For unfortunately, the GOP leadership severely underestimated the xenophobia and viciousness of much of their own base.  Trump and his supporters, like all narcissistic bullies, driven and derided by a profound emptiness that no amount of power or money will ever be able to satisfy, have consequently lashed out against our most vulnerable people, and scapegoated them for all their insecurities, as we have since the dawn of America.

And it's not just Trump--he's a symptom, not a cause.  For awhile now, a distressingly large plurality of the GOP base has been ravenously hungry for someone to validate all the vile lies they've long yearned to believe about Mexican immigrants, ever since they first turned on Bush.  If it hadn't been Trump they rallied around, then it probably would have been Cruz--maybe, in a perverse sort of way, we should be grateful for both Trump and Cruz, for splitting the xenophobe vote between them, rather than allowing it to coalesce around a single awful candidate.

But make no mistake here: all this time they'd been dehumanizing Mexicans--calling them "illegals" and worse--the Mexicans have gone right along actually being human, with eyes to see and ears to hear, and have been following very carefully all the hateful things being said about them by so many.  More Mexican-Americans have registered to vote within the past few months than in the past few years combined, because they simply cannot wait to vote against these clowns.

And not just Mexican-Americans, either--Puerto Ricans, Cuban-Americans, and documented Mexicans who either came here "legally" or have been here ever since the border first crossed them in 1848, have all had their blood boiling over Trump and Cruz and their supporters, because they have (accurately) intuited that these are not merely attacks upon undocumented aliens, but insults heaped upon Latino culture altogether.  And Latinos do not take insults lightly.

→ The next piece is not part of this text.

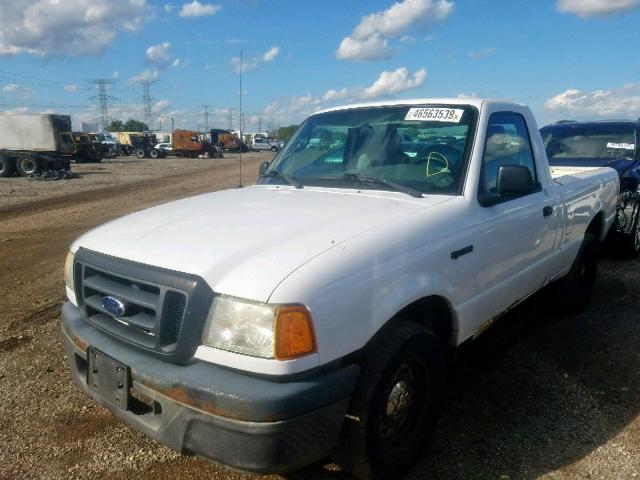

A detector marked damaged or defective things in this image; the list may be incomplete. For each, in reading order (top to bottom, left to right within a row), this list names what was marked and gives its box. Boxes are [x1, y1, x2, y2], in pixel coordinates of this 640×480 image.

Again, anything can happen between now and November; but I am LDS, and a key part of my faith's doctrine is that the indigenous groups of America are long lost members of the House of Israel (including Mexicans), whom the Lord God Almighty hath assured us He will regather in these Last Days, remembering the ancient covenants made to their forefathers, and endowing them with a power to go forth among their oppressors as a lion among the lambs, and there is none to deliver.  Ladies and Gentlemen, Brothers and Sisters, we may be approaching that day of reckoning, which shall come as a thief in the night, in an hour we know not of, faster than we think, for the Lord will suffer their cries no longer.

For we really did steal a third of Mexico away from Mexico; and our ancestors really did dispossess all the indigenous groups of their lands.  We so cavalierly deny their very real rights and historical grievances at our own eternal peril.  What's more, we base our agricultural production on their cheap labor, but then make it impossible for them to immigrate here legally, so that we can exploit them then deport them if they try to organize--meanwhile, their garnished wages add billions to Social Security and Medicaid, millions of them still pay both sales and income taxes, they keep our food cheap, yet still we have the nerve to accuse them of taking advantage of us!  "But they're breaking the law!"  So were slaves escaping to the North after the Fugitive Slave Act of 1851--and we all know what shortly followed that.

To conclude, maybe Rage Against the Machine, that perennial punchline of empty political posturing, was right after all--that "it's coming back around again/this is for the people of the sun."  Perhaps the purpose of that old Mexican-American band was not to rally all those moshing frat bros who completely missed the point, but to prophecy.  For now, a full 20 years later after that single's release, we may in all likelihood be coming upon the election wherein the Mexican-American electorate, maligned and trampled and ignored as though they had no voice, rises up yet again and answers the insults of Trump, Cruz, and all their vicious supporters resoundingly.  It's coming back around again.  This election is for the people of the sun.